*About this exercise*:
Find the line with "The Constraints of" in the data below. Repeat it and every line after it up to the end, exactly, but drop the pictures.

*Data extract*:
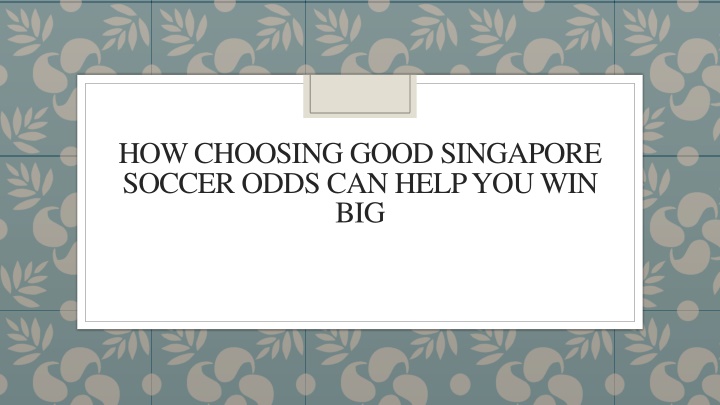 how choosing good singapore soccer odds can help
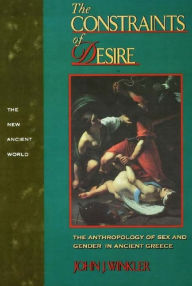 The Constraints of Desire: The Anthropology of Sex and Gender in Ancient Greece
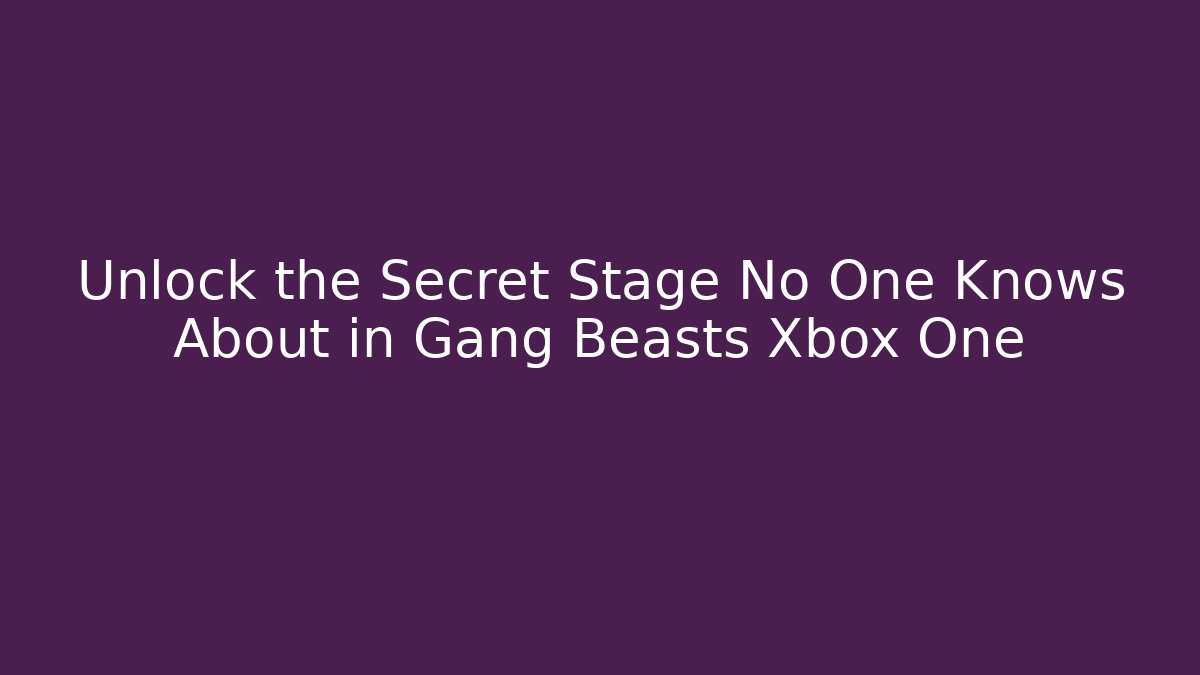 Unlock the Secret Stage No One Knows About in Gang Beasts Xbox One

*Response to this exercise*:
 The Constraints of Desire: The Anthropology of Sex and Gender in Ancient Greece
 Unlock the Secret Stage No One Knows About in Gang Beasts Xbox One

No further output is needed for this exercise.